In 2004, she became the first African woman to receive the Nobel Peace Prize for “her contribution to sustainable development, democracy and peace.”
Maathai was an elected member of Parliament and served as Assistant Minister for Environment and Natural Resources in the government of President Mwai Kibaki between January 2003 and November 2005.
In addition to her work at the University of Nairobi, Maathai became involved in a number of civic organizations in the early 1970s. She was a member of the Nairobi branch of the Kenya Red Cross Society, becoming its director in 1973. She was a member of the Kenya Association of University Women. Following the establishment of the Environment Liaison Centre in 1974, Maathai was asked to be a member of the local board, eventually becoming the chair of the board.
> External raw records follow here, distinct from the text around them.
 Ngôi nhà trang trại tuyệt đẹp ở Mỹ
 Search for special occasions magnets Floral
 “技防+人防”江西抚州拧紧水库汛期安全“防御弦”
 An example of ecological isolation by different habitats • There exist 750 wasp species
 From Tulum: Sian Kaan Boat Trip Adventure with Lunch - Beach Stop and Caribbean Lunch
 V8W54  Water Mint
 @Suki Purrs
The Environment Liaison Centre worked to promote the participation of non-governmental organizations in the work of the United Nations Environment Programme (UNEP), whose headquarters was established in Nairobi following the United Nations Conference on the Human Environment held in Stockholm in 1972. Maathai also joined the National Council of Women of Kenya (NCWK). Through her work at these various volunteer associations, it became evident to Maathai that the root of most of Kenya's problems was environmental degradation.
In 1974, Maathai's family expanded to include her third child, Muta. Her husband again campaigned for a seat in Parliament, hoping to represent the Lang'ata constituency, and won. During the course of his campaign, he had promised to find jobs to limit the rising unemployment in Kenya. These promises led Maathai to connect her ideas of environmental restoration to providing jobs for the unemployed, and led to the founding of Envirocare Ltd., a business that involved the planting trees to conserve the environment, involving ordinary people in the process.
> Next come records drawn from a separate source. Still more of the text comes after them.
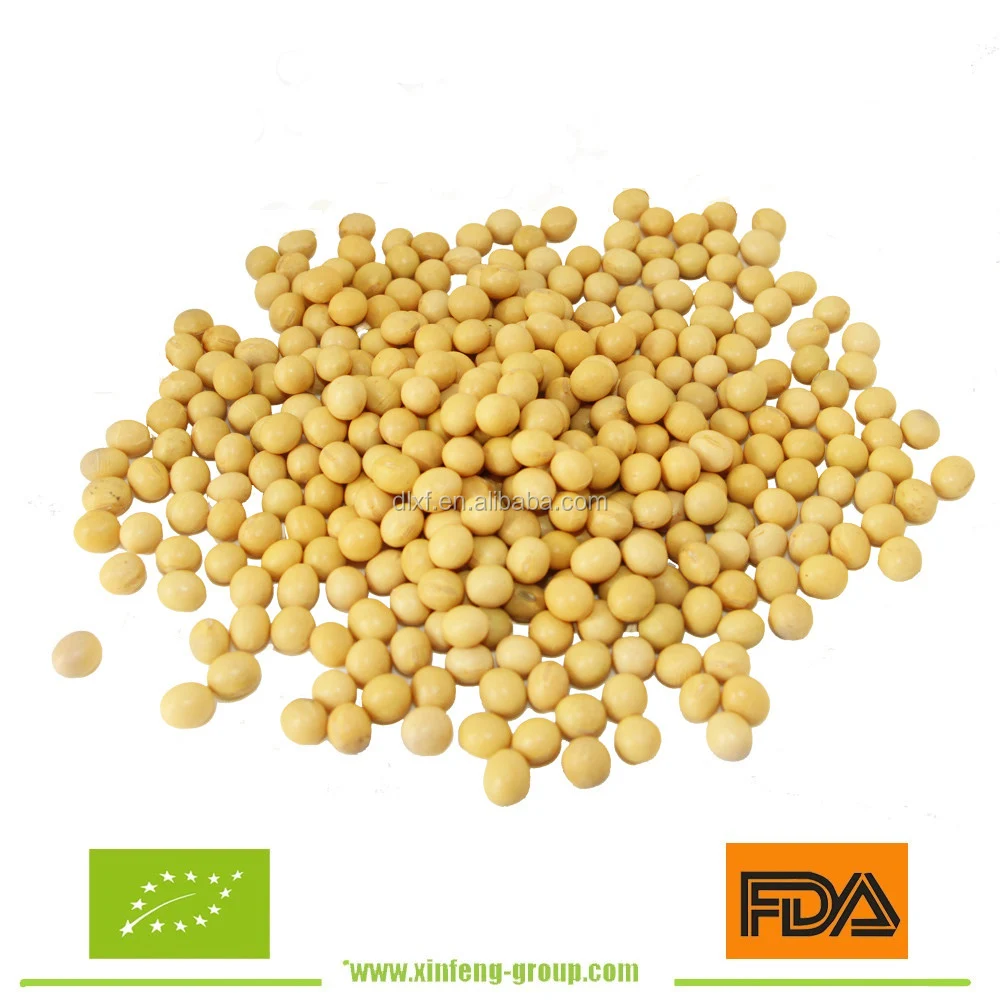 Соевая фасоль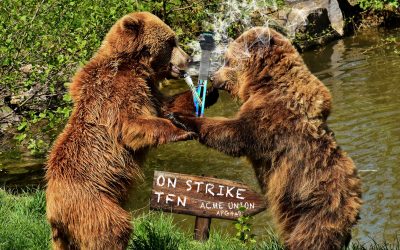 APG 449 – Bears and Bongs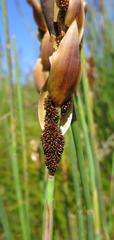 Elegia thyrsoidea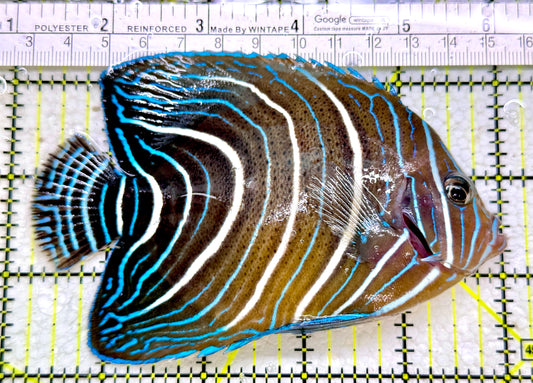 Koran Angelfish Juvenile KAJ110102 WYSIWYG Size: L 5"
This led to the planting of her first tree nursery, collocated with a government tree nursery in Karura Forest. Envirocare ran into multiple problems, primarily dealing with funding. The project failed, however, through conversations concerning Envirocare and her work at the Environment Liaison Centre, UNEP made it possible to send Maathai to the first UN conference on human settlements, known as Habitat I, in June 1976.
In 1977, Maathai spoke to the NCWK concerning her attendance at Habitat I. She proposed further tree planting, which the council supported, and led to Save the Land Harambee. On June 5, 1977, marking World Environment Day, the NCWK marched in a procession from Kenyatta International Conference Centre in downtown Nairobi to Kamukunji park on the outskirts of the city where they planted seven trees in honor of historical community leaders. This was the first "Green Belt" planted by what became the Green Belt Movement.
Maathai encouraged the women of Kenya to plant tree nurseries throughout the country, searching nearby forests for seeds to grow trees native to the area. She agreed to pay the women a small stipend for each seedling which was later planted elsewhere.